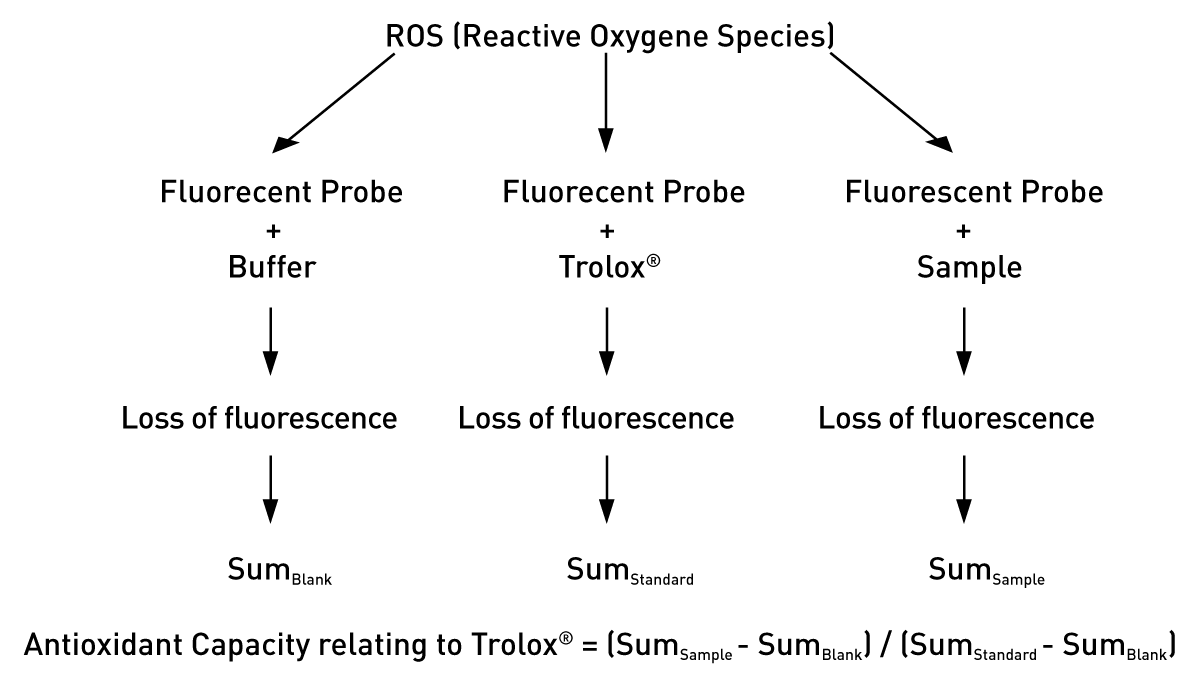 Fig. 1: ORAC Assay Principle.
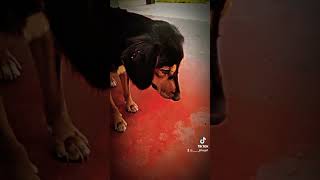 කොකෝ බබා ....♥️#foryourpage    #goldenretriever #fypシ #viralvideo #dog #subscribe #shorts #hilight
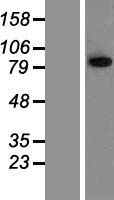 TRIM42 Protein - Western validation with an anti-DDK antibody * L: Control HEK293 lysate R: Over-expression lysate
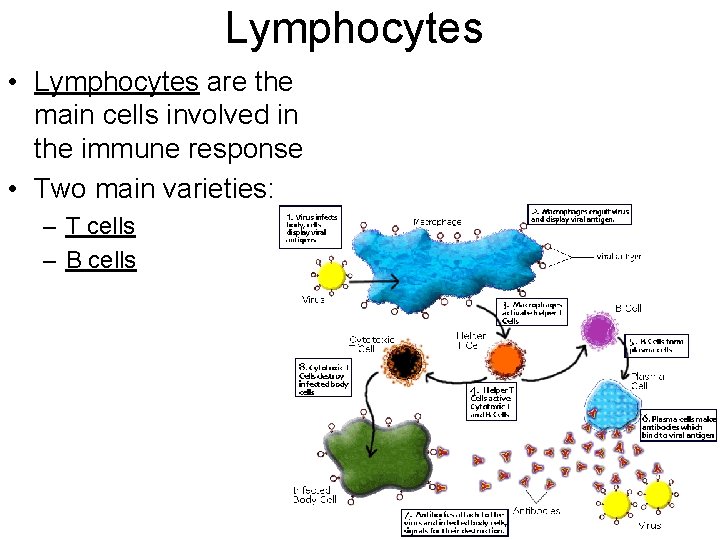 Lymphocytes • Lymphocytes are the main cells involved in the immune response • Two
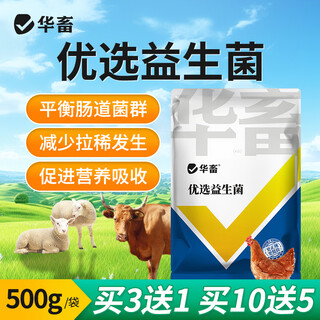 Huaxiu veterinary live bacteria plus enzyme probiotics appetizer fattening conditioning intestinal ammonia removal poultry feed additive for pigs 1 bag of preferred highly active bacteria probiotics 500g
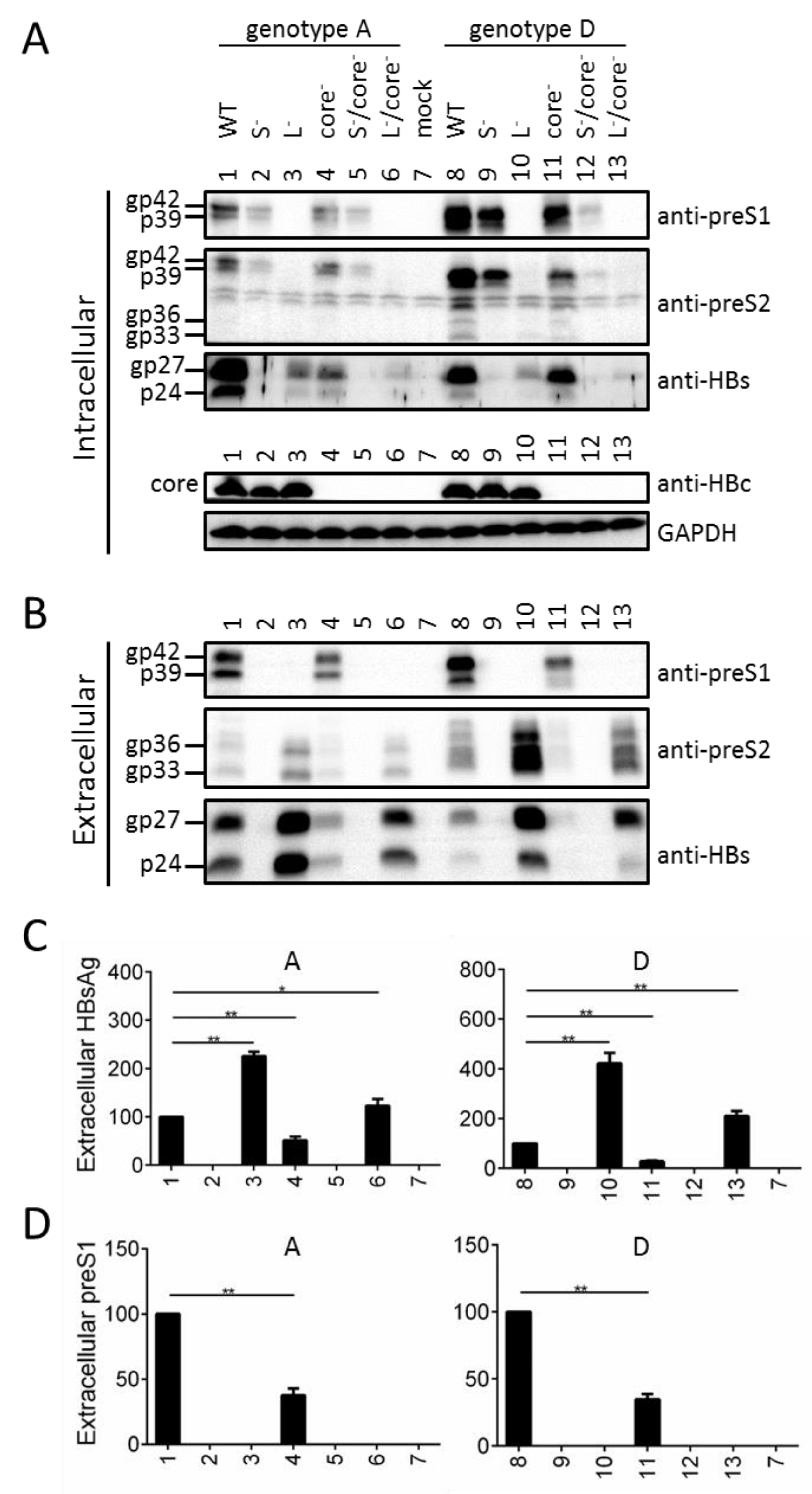 Viruses 13 00613 g008 Viruses 13 00613 g008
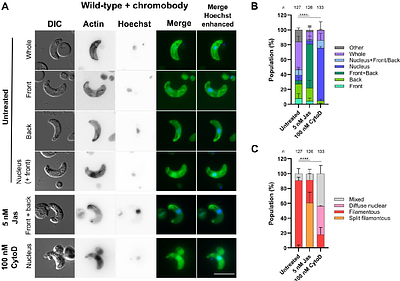 Actin-related protein Alp1 governs malaria parasite motility and transmission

──────

● **ABOUT THIS TASK**:
Give back, word for word, the lines from the one containing "Huaxiu veterinary live" through the last line of the listing above; include both ends and exclude the pictures.

● **RESULT BELOW**:
 Huaxiu veterinary live bacteria plus enzyme probiotics appetizer fattening conditioning intestinal ammonia removal poultry feed additive for pigs 1 bag of preferred highly active bacteria probiotics 500g
 Viruses 13 00613 g008 Viruses 13 00613 g008
 Actin-related protein Alp1 governs malaria parasite motility and transmission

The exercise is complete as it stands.